Los que se dedican a la política han padecido también sus consecuencias, aunque en su caso los encuentren anunciados en la portada de algún periódico -hasta Felipe González dijo que se había enterado de lo de los GAL por la prensa-. Gobernar supone saber hacer frente a cada uno de ellos, y también deben surgir a diario, pero los más dañinos, y también los más temidos, son los que hacen blanco directamente en la estabilidad de un ejecutivo, como un torpedo lanzado desde territorio desconocido: nadie lo ve venir y, de pronto, saltan las alarmas en mitad de la noche. La historia de nuestra joven democracia está llena de gobiernos estables que han entrado en barrena por culpa de un imprevisto.
El Gobierno andaluz ha tenido que afrontar uno tremendo con la crisis de la listeriosis, en pleno agosto además. Un auténtico test de estrés del que le está costando salir airoso, pese al empeño y la voluntad por reconducir la situación desde una rigurosidad, a veces extralimitada, pero que parte de dos evidencias ya contrastadas: falló el proceso de autocontrol de la empresa Magrudis y también el sistema de verificación público. La sensación, en todo caso, es que una vez superada la alarma todavía quedará por delante una labor importante para evitar nuevas fugas en el control alimentario y, por supuesto, para recuperar la imagen de un sector cárnico tambaleado por el recelo ocasionado entre los consumidores, así como la de la propia marca Andalucía de cara al exterior.
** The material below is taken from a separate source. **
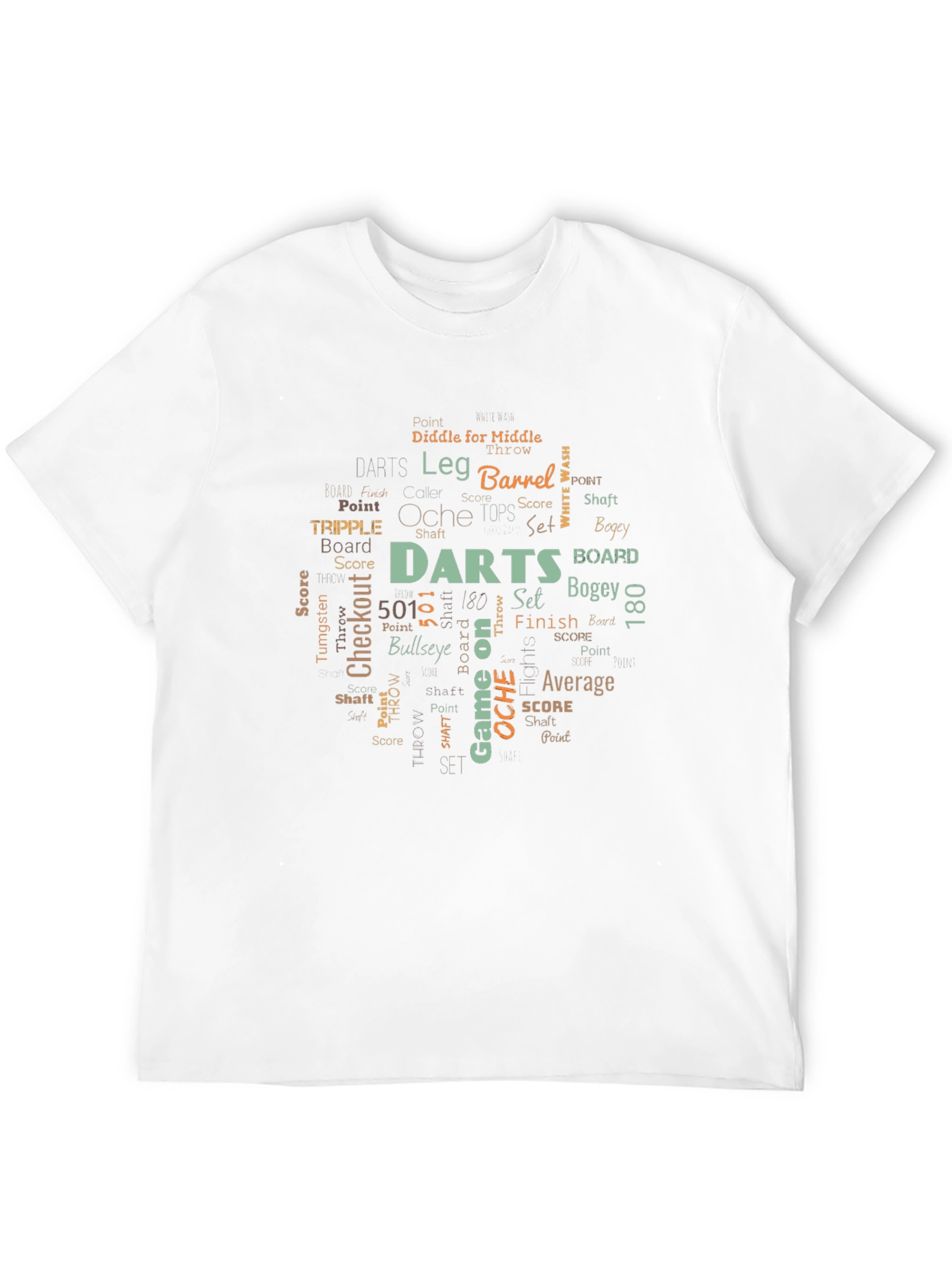 Darts Word Art Black T-Shirt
Le ha pasado también al gobierno local de Jerez, aunque en su caso no esté en juego la salud de la población, sino el futuro de la repercusión económica de la celebración del Mundial de Motos en el Circuito, de la que también se benefician otros municipios de la provincia. El titular saltaba este viernes desde Italia, donde Carmelo Ezpeleta, máximo responsable de Dorna, organizadora del Mundial de Motociclismo, confirmaba que a partir de 2022 España sólo acogerá dos pruebas del campeonato en vez de las cuatro actuales, y que la solución prevista pasaba por hacer rotar las sedes actuales cada año, de manera que el Circuito de Jerez sólo acogería las carreras uno de cada dos.
Todo, obviamente, se reduce a una cuestión económica. Business is business: más pruebas, más destinos, más ingresos. Y siempre al mejor postor. Lo que nos están diciendo, lo que le están diciendo al Ayuntamiento y a Cirjesa, es que los galones no cotizan: la prueba del Circuito de Jerez puede ser -de hecho lo es- una de las mejores del calendario -lo dicen pilotos y aficionados-, pero, en este momento, eso sólo sirve para que saquemos brillo a los recuerdos acumulados en el Museo del Motor.
¿Un negocio basado en una decisión salomónica?, ¿rotar para que todos puedan seguir ganando cuando el que tiene más interés en ganar es quien organiza? Más bien parece un plan b frente a una puja desierta: no se trata de evitar qué dedo de la mano me corto que me duela menos, porque, de ser así, y no es una cuestión de narcisismo, el Circuito de Jerez tendría garantizada su continuidad, y dudo que Dorna tuviera dudas en saber qué dedo cortarse, sino de ir tanteando el terreno de cara a 2021.
No es un imprevisto como otro cualquiera; más bien una prueba de riesgo en la que van a sobrar las palabras bienintencionadas, los golpes de pecho y los que se ponen de perfil. Ojalá sólo sirvieran nuestras razones.